The triangular side walls of a flyover have been used for advertisements. The sides of the walls are 122 m, 22 m and 120 m. The advertisements yield an earning of ₹ 5000 per m² per year. A company hired one of its walls for 3 months. How much rent did it pay?

Here a, b and c are the sides of the triangle.
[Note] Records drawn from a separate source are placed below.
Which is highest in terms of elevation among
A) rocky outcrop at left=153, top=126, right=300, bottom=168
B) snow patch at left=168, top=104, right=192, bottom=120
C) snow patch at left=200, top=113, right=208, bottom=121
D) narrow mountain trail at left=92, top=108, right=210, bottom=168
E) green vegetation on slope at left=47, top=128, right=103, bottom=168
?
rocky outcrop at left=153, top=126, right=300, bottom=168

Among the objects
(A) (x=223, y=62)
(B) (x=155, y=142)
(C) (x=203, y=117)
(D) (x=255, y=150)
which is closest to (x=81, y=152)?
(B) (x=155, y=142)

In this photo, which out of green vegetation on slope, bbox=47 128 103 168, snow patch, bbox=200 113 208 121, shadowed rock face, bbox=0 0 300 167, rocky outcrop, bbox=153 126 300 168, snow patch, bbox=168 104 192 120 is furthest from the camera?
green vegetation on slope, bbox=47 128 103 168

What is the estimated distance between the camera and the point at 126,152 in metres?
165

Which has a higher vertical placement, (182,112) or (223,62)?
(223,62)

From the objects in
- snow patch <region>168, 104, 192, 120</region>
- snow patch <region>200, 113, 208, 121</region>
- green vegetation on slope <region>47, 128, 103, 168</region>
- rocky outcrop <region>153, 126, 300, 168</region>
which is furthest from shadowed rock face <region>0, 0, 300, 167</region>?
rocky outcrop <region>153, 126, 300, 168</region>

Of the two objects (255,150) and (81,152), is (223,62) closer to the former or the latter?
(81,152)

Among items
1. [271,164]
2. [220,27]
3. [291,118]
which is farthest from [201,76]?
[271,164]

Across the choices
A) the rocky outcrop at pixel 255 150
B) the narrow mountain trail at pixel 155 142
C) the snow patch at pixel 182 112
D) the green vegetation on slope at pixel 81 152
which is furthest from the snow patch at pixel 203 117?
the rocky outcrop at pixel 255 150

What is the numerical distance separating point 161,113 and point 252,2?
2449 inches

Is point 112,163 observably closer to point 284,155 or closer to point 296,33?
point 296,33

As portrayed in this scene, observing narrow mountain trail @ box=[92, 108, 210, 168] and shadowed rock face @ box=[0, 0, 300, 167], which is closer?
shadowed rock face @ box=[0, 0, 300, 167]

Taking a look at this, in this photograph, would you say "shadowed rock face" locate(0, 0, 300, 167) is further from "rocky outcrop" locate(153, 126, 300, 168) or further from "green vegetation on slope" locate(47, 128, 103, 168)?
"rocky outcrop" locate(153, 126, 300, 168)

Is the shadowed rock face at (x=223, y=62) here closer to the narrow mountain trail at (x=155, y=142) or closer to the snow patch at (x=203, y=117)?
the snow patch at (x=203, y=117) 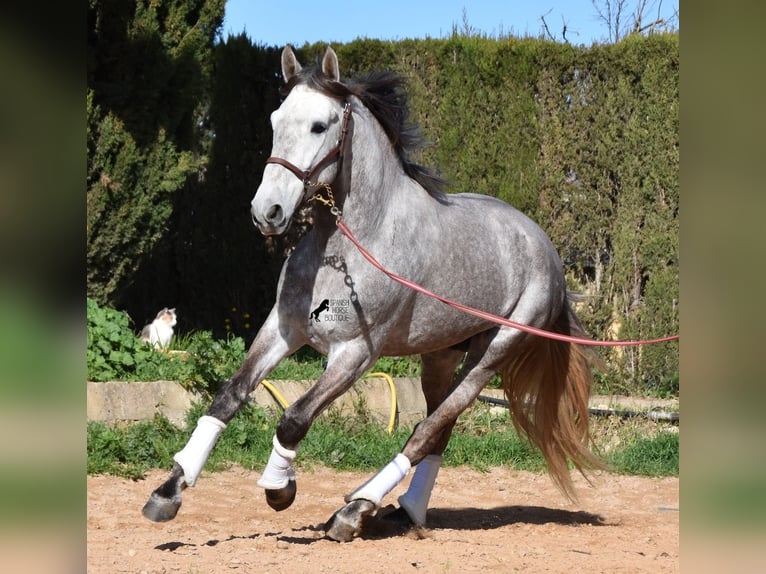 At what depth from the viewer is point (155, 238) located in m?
8.59

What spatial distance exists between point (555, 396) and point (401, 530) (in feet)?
3.96

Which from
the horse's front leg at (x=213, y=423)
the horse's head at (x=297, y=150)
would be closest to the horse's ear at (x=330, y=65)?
the horse's head at (x=297, y=150)

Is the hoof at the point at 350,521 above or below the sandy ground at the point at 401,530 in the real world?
above

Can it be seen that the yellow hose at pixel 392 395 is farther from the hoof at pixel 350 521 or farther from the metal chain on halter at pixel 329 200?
the metal chain on halter at pixel 329 200

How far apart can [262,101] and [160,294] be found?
2308mm

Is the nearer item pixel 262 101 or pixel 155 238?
pixel 155 238

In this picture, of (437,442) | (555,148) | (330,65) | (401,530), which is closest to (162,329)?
(555,148)

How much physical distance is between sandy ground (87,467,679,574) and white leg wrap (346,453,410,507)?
0.15m

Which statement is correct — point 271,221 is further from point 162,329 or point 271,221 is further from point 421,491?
point 162,329

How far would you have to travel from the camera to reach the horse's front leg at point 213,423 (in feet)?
13.4

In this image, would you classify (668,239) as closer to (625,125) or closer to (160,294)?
(625,125)

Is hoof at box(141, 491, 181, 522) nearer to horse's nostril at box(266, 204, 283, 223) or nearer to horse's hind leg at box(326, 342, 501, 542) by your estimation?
horse's hind leg at box(326, 342, 501, 542)

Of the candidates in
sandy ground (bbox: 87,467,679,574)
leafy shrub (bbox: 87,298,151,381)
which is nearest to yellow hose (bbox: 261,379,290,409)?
sandy ground (bbox: 87,467,679,574) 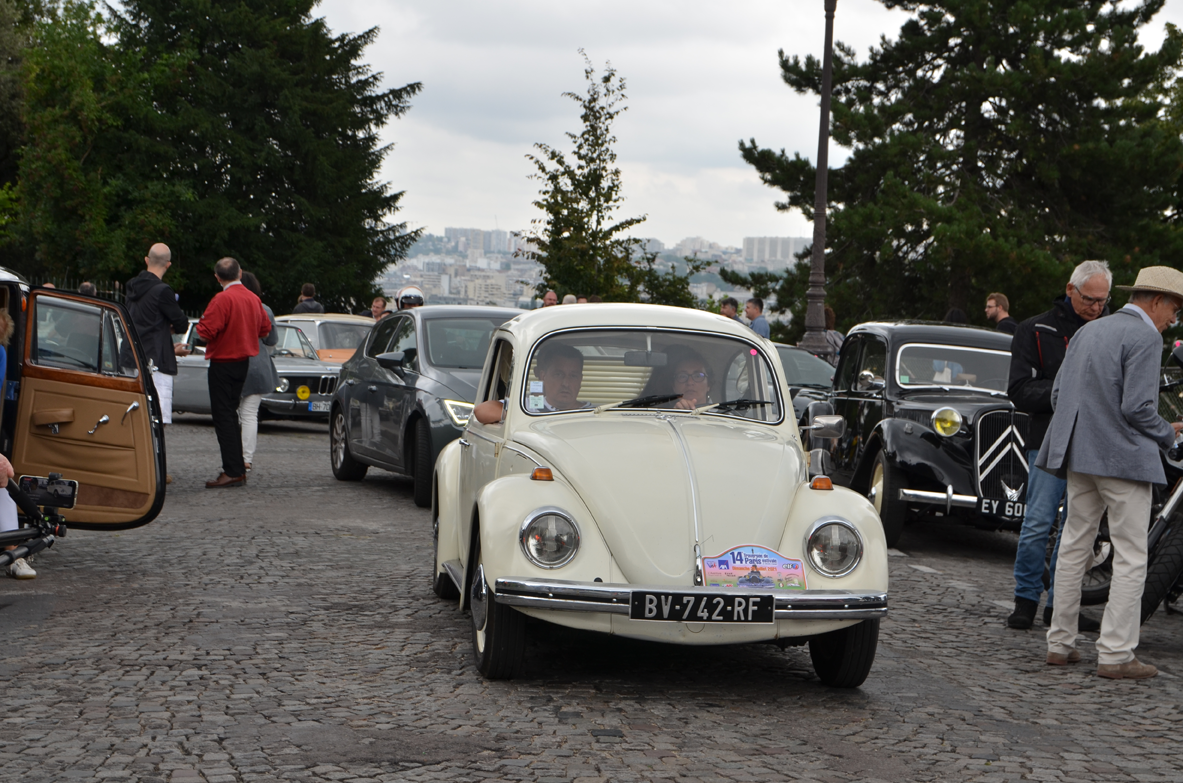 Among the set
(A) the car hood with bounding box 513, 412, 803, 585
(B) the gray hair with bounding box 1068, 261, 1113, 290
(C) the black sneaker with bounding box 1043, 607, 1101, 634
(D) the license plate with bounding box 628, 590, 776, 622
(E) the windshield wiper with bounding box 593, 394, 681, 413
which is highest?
(B) the gray hair with bounding box 1068, 261, 1113, 290

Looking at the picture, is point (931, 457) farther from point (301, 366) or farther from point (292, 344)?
point (292, 344)

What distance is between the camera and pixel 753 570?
5.41 metres

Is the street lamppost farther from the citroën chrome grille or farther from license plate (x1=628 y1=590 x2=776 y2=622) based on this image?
license plate (x1=628 y1=590 x2=776 y2=622)

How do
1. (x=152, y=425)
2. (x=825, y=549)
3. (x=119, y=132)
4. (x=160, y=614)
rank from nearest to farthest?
(x=825, y=549)
(x=160, y=614)
(x=152, y=425)
(x=119, y=132)

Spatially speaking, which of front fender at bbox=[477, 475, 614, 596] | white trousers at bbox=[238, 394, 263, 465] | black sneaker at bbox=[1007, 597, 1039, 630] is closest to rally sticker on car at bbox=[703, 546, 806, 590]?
front fender at bbox=[477, 475, 614, 596]

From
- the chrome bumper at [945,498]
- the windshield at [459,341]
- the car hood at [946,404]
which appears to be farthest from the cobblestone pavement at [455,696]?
the windshield at [459,341]

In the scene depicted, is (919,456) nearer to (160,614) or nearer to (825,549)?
(825,549)

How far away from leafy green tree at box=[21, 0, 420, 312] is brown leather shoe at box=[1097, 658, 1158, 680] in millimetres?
39147

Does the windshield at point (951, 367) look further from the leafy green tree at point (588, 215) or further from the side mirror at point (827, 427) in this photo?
the leafy green tree at point (588, 215)

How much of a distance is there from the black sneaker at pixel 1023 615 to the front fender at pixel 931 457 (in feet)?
8.92

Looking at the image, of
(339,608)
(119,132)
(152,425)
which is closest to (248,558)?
(152,425)

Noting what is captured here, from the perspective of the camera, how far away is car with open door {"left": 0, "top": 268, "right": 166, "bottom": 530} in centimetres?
820

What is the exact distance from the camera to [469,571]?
6.28 meters

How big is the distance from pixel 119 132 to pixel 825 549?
41475mm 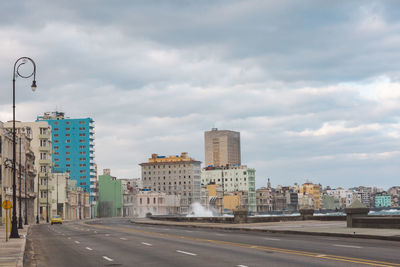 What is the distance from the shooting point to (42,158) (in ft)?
481

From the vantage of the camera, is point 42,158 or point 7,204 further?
point 42,158

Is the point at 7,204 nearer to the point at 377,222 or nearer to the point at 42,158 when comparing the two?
the point at 377,222

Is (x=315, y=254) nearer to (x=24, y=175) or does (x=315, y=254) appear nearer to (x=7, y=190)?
(x=7, y=190)

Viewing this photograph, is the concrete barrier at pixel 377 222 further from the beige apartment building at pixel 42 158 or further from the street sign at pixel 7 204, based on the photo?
the beige apartment building at pixel 42 158

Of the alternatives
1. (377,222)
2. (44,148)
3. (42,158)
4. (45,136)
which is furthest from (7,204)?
(42,158)

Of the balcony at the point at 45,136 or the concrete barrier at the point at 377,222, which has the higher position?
the balcony at the point at 45,136

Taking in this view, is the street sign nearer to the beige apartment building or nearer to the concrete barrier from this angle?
the concrete barrier

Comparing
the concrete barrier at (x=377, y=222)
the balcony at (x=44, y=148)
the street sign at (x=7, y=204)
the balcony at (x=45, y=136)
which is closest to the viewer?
the street sign at (x=7, y=204)

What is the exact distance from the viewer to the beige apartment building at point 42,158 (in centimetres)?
14050

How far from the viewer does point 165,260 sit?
2144 centimetres

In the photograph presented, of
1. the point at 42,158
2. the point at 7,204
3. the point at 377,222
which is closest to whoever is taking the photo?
Answer: the point at 7,204

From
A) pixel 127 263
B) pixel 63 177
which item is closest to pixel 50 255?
pixel 127 263

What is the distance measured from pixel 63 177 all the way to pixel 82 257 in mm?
142959

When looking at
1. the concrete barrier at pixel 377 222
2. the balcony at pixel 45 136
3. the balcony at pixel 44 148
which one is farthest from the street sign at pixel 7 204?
the balcony at pixel 45 136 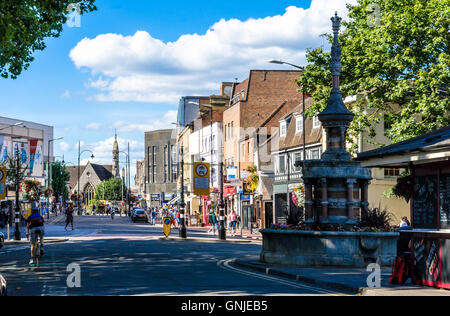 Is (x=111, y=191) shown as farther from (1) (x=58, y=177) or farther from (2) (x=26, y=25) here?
(2) (x=26, y=25)

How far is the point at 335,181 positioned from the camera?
2122cm

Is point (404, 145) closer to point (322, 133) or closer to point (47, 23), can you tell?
point (47, 23)

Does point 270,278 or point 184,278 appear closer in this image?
point 184,278

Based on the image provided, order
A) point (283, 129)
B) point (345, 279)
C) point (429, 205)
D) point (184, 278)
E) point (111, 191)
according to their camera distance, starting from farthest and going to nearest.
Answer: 1. point (111, 191)
2. point (283, 129)
3. point (184, 278)
4. point (345, 279)
5. point (429, 205)

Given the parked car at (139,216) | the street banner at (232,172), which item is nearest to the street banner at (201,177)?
the street banner at (232,172)

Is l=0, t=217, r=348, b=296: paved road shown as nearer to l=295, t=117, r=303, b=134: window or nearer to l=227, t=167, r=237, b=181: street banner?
l=295, t=117, r=303, b=134: window

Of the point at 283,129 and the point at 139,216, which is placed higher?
the point at 283,129

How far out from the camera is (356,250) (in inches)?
786

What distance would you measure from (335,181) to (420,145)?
19.6 ft

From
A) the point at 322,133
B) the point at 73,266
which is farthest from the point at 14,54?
the point at 322,133

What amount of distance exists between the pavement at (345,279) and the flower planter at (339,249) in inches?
15.4

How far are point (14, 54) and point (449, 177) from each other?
1590 centimetres

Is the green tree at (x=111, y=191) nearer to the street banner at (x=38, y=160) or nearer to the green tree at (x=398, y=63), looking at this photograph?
the street banner at (x=38, y=160)

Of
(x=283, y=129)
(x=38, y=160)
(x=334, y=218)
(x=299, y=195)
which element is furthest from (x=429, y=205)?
(x=38, y=160) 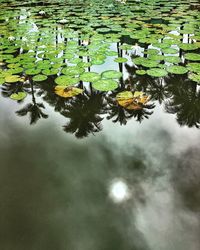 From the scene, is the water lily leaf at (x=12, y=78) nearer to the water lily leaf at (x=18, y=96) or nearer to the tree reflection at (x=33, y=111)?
the water lily leaf at (x=18, y=96)

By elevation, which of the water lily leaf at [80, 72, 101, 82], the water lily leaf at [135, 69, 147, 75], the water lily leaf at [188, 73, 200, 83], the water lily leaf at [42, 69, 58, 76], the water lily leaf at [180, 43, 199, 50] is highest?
the water lily leaf at [180, 43, 199, 50]

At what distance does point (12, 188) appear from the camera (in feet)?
6.77

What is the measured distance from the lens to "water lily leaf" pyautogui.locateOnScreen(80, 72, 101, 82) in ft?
12.5

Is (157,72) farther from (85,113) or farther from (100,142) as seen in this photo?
(100,142)

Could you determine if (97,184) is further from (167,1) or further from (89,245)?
(167,1)

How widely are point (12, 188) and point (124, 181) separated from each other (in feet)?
3.01

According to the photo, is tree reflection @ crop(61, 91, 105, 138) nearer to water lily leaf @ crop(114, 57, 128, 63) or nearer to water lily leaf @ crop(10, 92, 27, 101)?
water lily leaf @ crop(10, 92, 27, 101)

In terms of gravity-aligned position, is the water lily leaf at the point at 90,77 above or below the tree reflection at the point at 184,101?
above

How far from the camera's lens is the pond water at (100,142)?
172cm

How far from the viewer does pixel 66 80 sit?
12.6 ft

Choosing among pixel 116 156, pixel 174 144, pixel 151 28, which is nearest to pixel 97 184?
pixel 116 156

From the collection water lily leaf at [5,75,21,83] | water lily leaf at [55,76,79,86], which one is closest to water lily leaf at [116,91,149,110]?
water lily leaf at [55,76,79,86]

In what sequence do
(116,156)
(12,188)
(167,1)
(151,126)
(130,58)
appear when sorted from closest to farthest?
(12,188) < (116,156) < (151,126) < (130,58) < (167,1)

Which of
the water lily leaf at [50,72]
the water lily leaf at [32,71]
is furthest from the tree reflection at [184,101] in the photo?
the water lily leaf at [32,71] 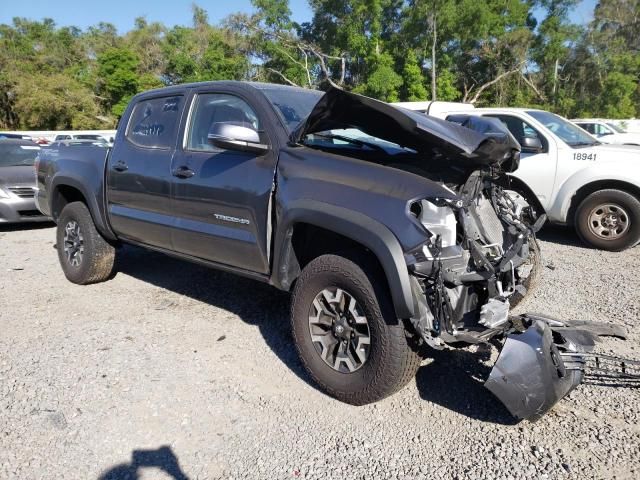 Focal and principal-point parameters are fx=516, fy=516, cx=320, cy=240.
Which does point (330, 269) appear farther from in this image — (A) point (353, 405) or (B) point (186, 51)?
(B) point (186, 51)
Let a = 122 m, b = 22 m and c = 120 m

By formula,

Semi Perimeter (s) = $\dfrac{\text{Perimeter of triangle}}{2}$

s = $\dfrac{a + b + c}{2} = \dfrac{122 + 22 + 120}{2} = \dfrac{264}{2}$ = 132 m.

By Heron's formula,

Area of triangle (A) = $\sqrt{s(s - a)(s - b)(s - c)}$ sq.units

Substituting values we get :

$\text{Area of one wall} = \sqrt{132(132 - 122)(132 - 22)(132 - 120)} \\[1em] = \sqrt{132 \times 10 \times 110 \times 12} \\[1em] = \sqrt{1742400} \\[1em] = 1320 \text{ m}^2.$

We know that,

The rent of advertising per year = ₹ 5000 per m²

So,

The rent of one complete triangular wall for 1 month

= $\dfrac{\text{Rent per sq. unit} \times \text{ Area}}{12}$

= $\dfrac{(5000 \times 1320)}{12} = 11 \times 5000$ = ₹ 5,50,000.

∴ The rent of one wall for 3 months = ₹ 5,50,000 x 3 = ₹ 16,50,000.

Hence, the rent paid by the company = ₹ 16,50,000.